The success of “Hearts and Minds Prepared” is partly due to its very careful preparation, editing and trialling. Not only are the content, structure, activities and resources excellent, but the words and phrases in notes, introductions and questions seem always very carefully thought about and well-chosen. Such preparation takes time, and this, together with an undertaking that the project would be self-funding leads to its substantial price tag – around $400. Nevertheless we are sure that it is worth paying this for such a professional piece of work and to recoup its value through a series of small group courses.

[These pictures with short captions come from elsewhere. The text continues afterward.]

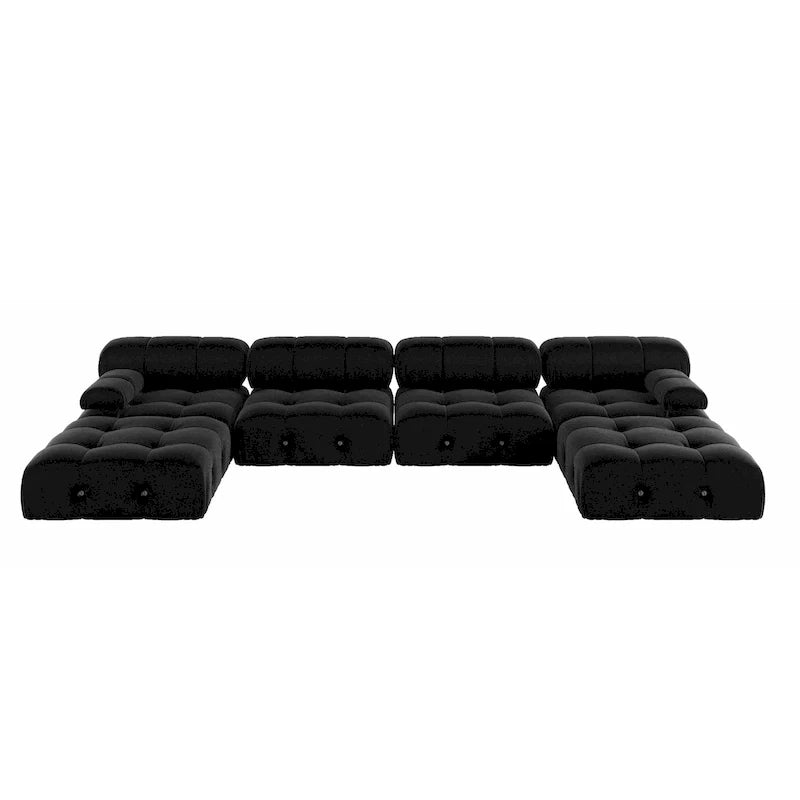 Canapé d'angle modulable noir en velours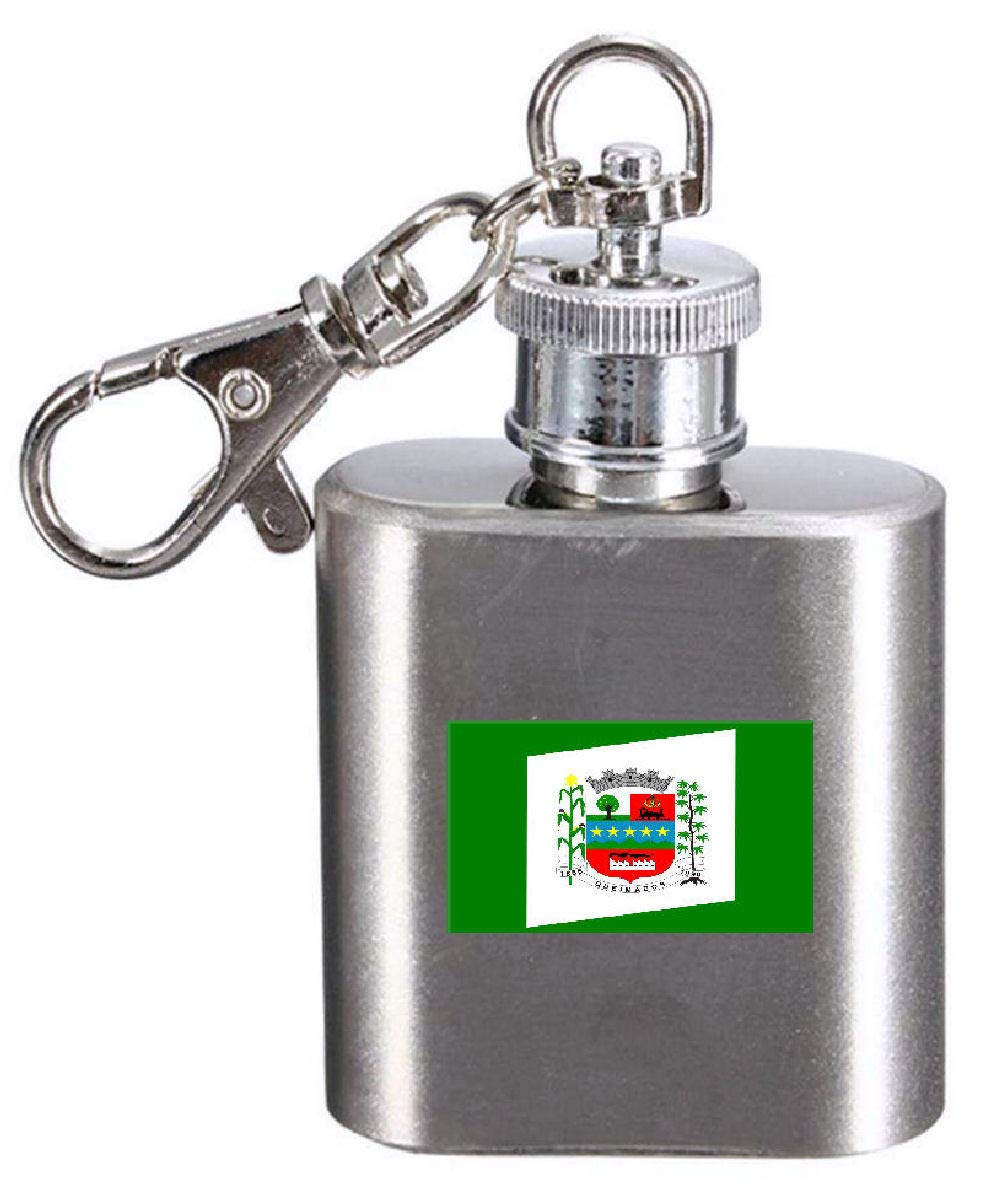 Flasque porte-clés Queimados Rio de Janeiro petit flacon alcool gravé acier
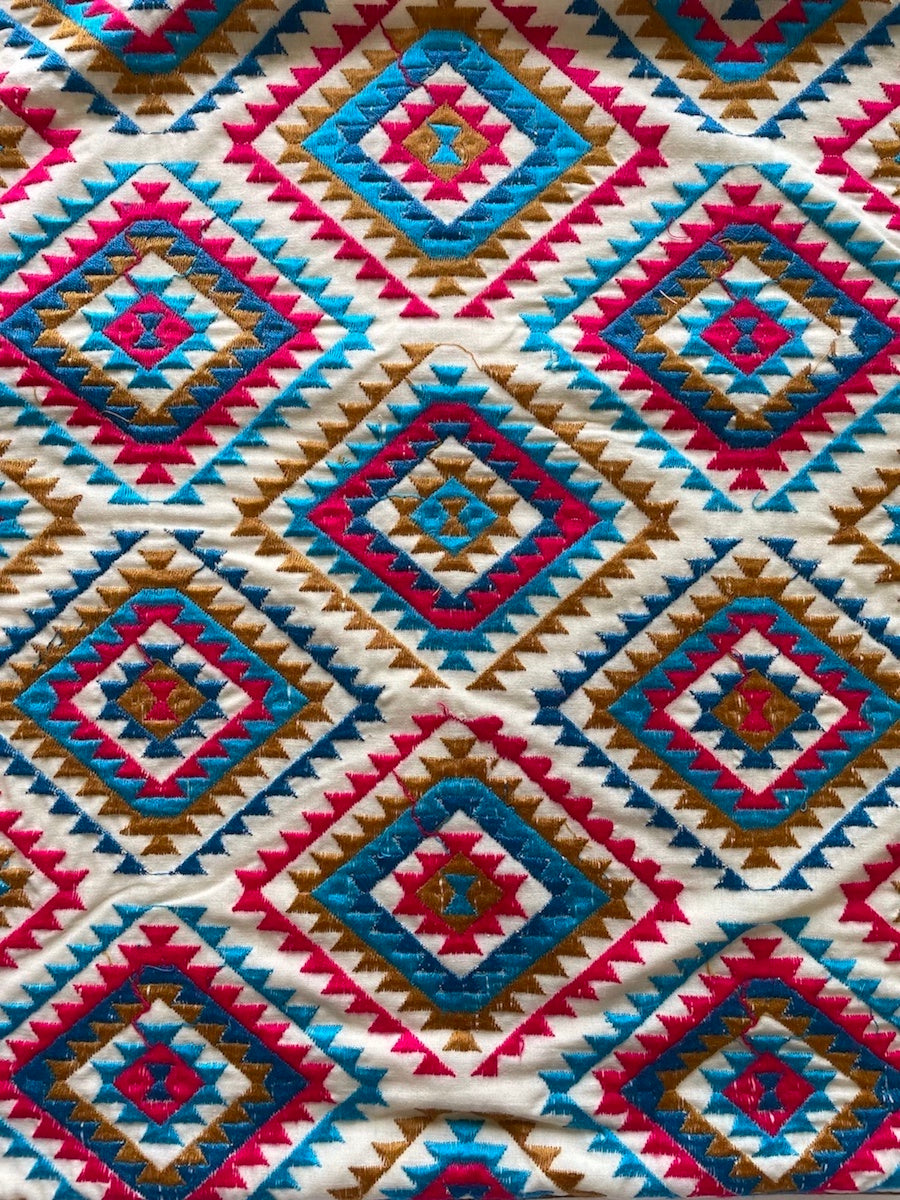 Bohemian Embroidered Multicolor Cotton Cushion Cover Size 16"x16"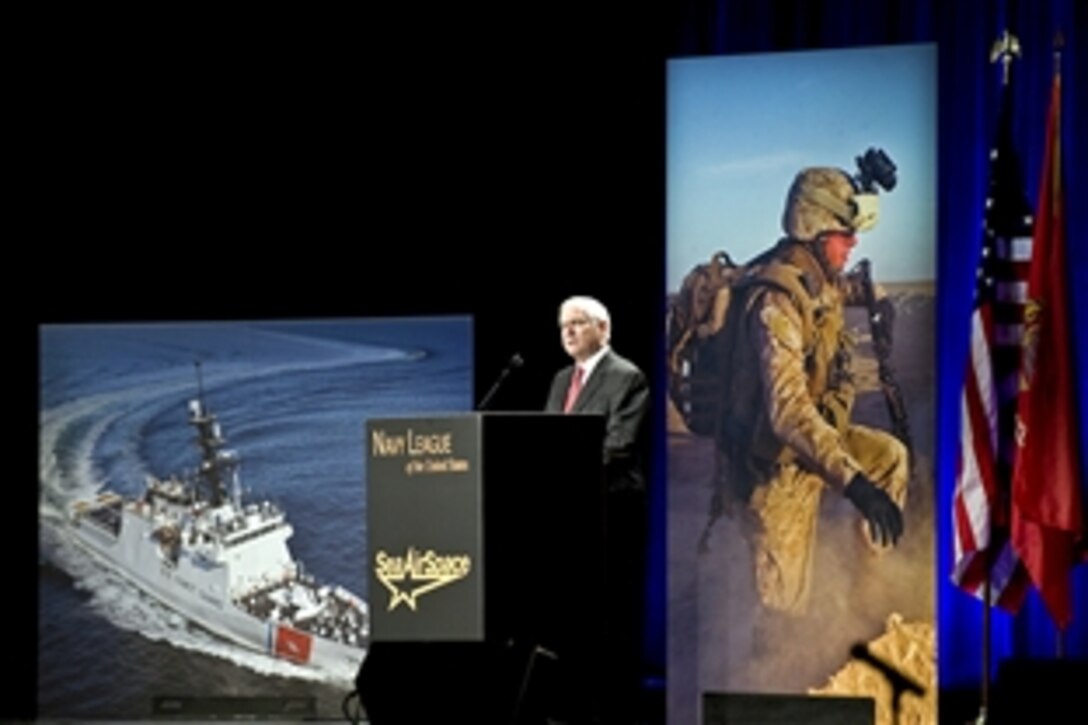 Defense Secretary Robert M. Gates addresses the audience at the annual Navy League of the United States conference in National Harbor, Md., May 3, 2010. 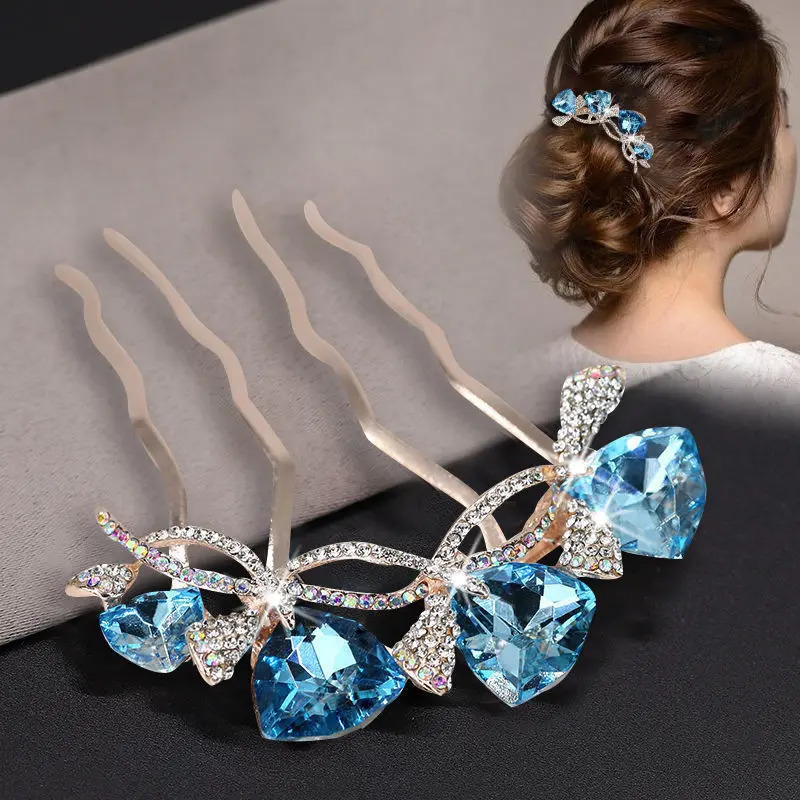 Daily Hair Jewelry for Women Girls Long Holder Bling Combs Crystal Hairpins Bride Wedding Clips 250519
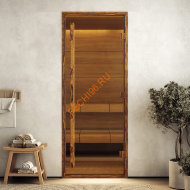 Дверь стеклянная DoorWood Хамам АРТ Wood 92 бронза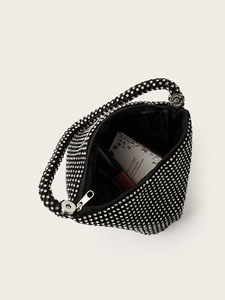 Bolso de Mano Triangular con Pedrería, Brillante, de Cristal, Elegante, para Fiesta, Boda, Clutch de Novia - Product Image 4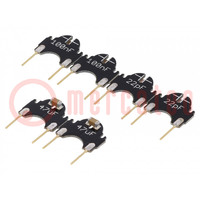 Kit: capacitors; ECell; for breadboards; pin header
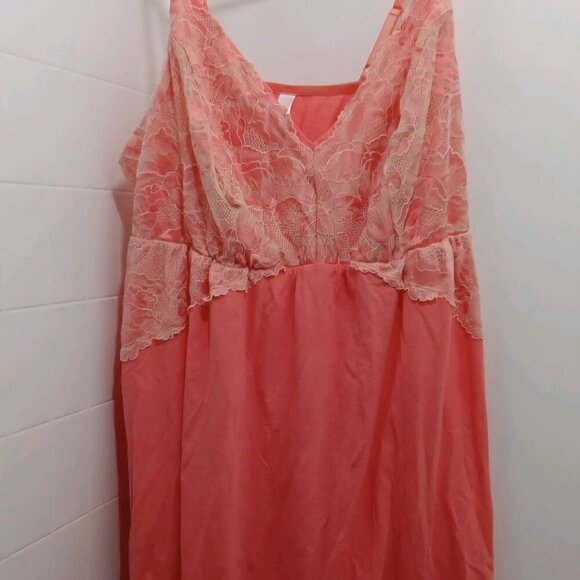 Sleep by cacique sexy Coral salmon lace adjustable strap chemise gown 18/20 - Picture 2 of 4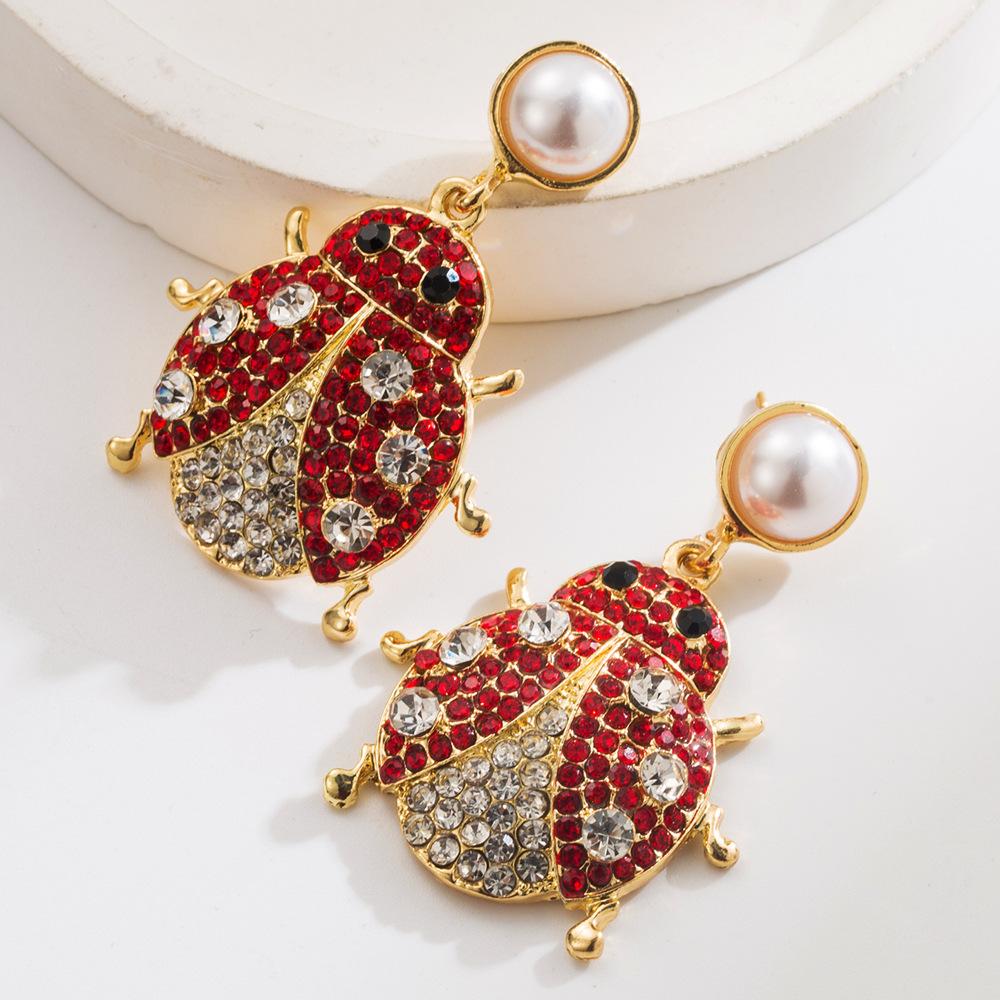 Digadagu Metal Rhinestone Ladybug Dangle Earrings New Women s Exaggerated Elegant Earrings Zircon Accessories красный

Another aspect of the care put into the course is the insistence by its developers that would-be facilitators undertake a day’s training before the package is used – something which is relatively easy to organise in UK, if a bigger job than expected because of its success – but more tricky for Australian purchasers. By an accumulation of coincidences, I participated in training in Exeter even though at the time there was no expectation that we would buy the package, but as a result I am now authorised to train potential facilitators in Australia.
I feel that this course-specific training is useful, even for those well-versed in facilitation in general. It focuses on trainees participating in, and taking turns in leading, the specific sorts of activity the course entails – but with the training content focused on the process of facilitation rather than course content. I and others feel that the training allowed us to approach each week’s content confident about the facilitation methods and activities involved. My major experience as a trainer is in South Australia where sixteen potential facilitators met in two groups. We all found the days extraordinarily worthwhile – some said that they found it an important and deep event even if they did not become facilitators. If there is any interest, I have agreed to offer a training day at Yearly Meeting in Hobart in 2007.